Tanrı muhteşem bir doktordur, merhametli bir kurtarıcıdır. İyileşen adamlar hastalıklarından kuruldular ve dünyasal olarak evlerine dönebildiler. Peki gerçekten şifa veren Tanrı’yı tanıyabildiler mi? Gerçek göksel evlerine kavuşabilecekler mi?

Belki bizim içinde bunlar önemli sorular ve hatırlatmadır. Sadece, imanla Rab’be gelmemiz ile ilgili değil, aynı zamanda gün be gün O’na yaklaşmamızla ilgilidir. Tüm arzumuzla O’na gelip O’nun yüzünü aramamızla ilgilidir. Rab kendisine güvenebilmemiz ve O’nda kalabilmemiz için bizleri Sözü ile güçlendiriyor. İmanda yaşam olduğunu anımsatıyor. Kutsal Ruh’u ile yönlendiriyor ve vicdanımızı değiştirmek için birbirimizi kullanmaya devam ediyor.

Kardeşlerim sizleri teşvik etmek istiyorum, sahip olduklarımızı bir hakmış gibi görmeyelim. Hayatımızın her anının bir ayrıcalık olduğunu anımsayalım. Bakın, karantinanın var olduğu bir dönemde Samiriyeli bir cüzzamlı cevabın İsa’da olduğunu fark etti. Belki de bu bizim için iyi bir dua fırsatı yaratmalıdır. Hem birçoklarının kurtulması için dua edebiliriz, hem de aldığımız her nefesin bize bir armağan olduğunun bilinci ile şükredebiliriz. Ve yaşamımızın O’nun sayesinde ve O’nun için yaşanması gerektiğini yüreklerimize kazıyabiliriz.
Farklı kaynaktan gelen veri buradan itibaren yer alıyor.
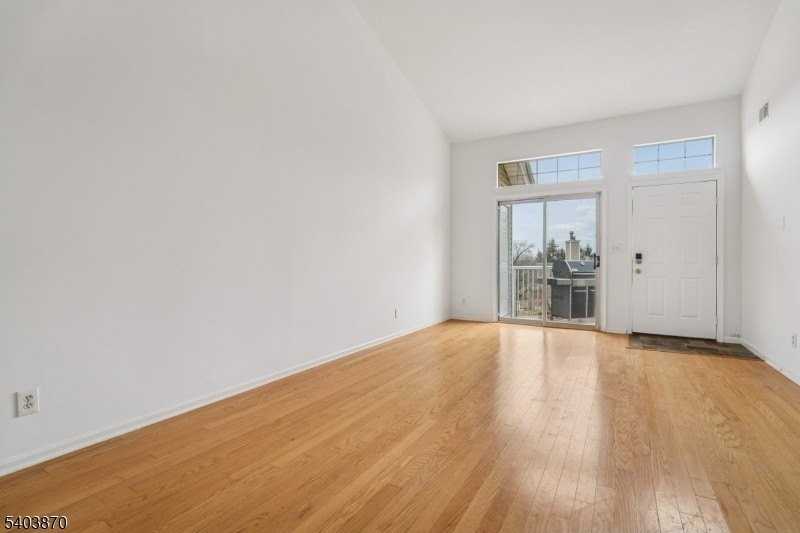 6 Ray Ct - Photo 5 of 29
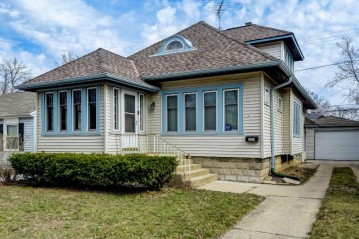 2924 N 58th St, Milwaukee, WI 53210-1543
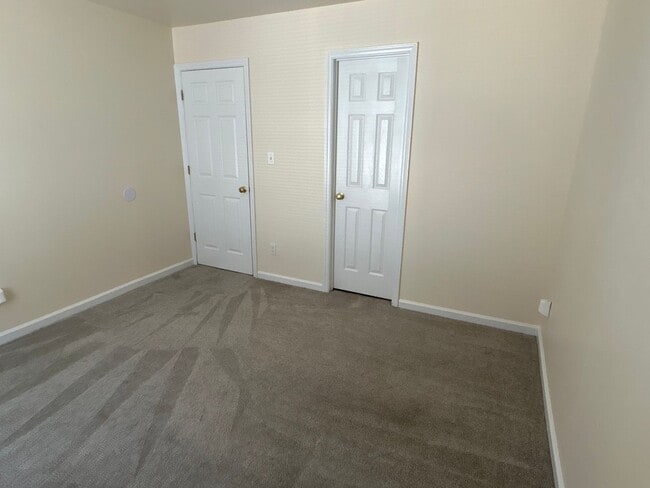 Building Photo - Updated 2 Bed | 2.5 Bath Townhouse in Clayton
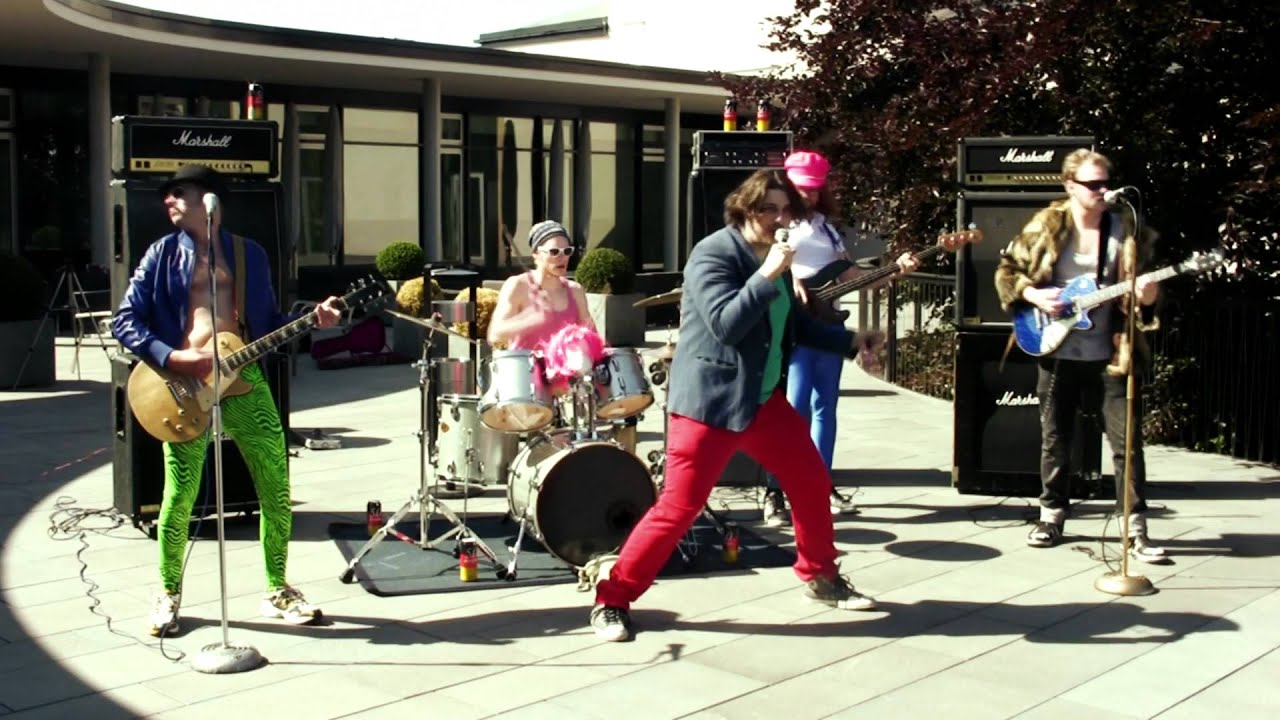 THE DÖFTELS - Einmal High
Bizler diğer uluslardan olan kişiler olarak, hak etmediğimiz bir aileye dahil edildik, parçası olmadığımız bir ağaca aşılandık. Bedenin bir parçası olarak, yaşamlarımızı her durumda Rab’be verelim. İmanla Rab’be bakalım ve her fırsatı O’nun adını yüceltmek ve duyurmak için kullanalım.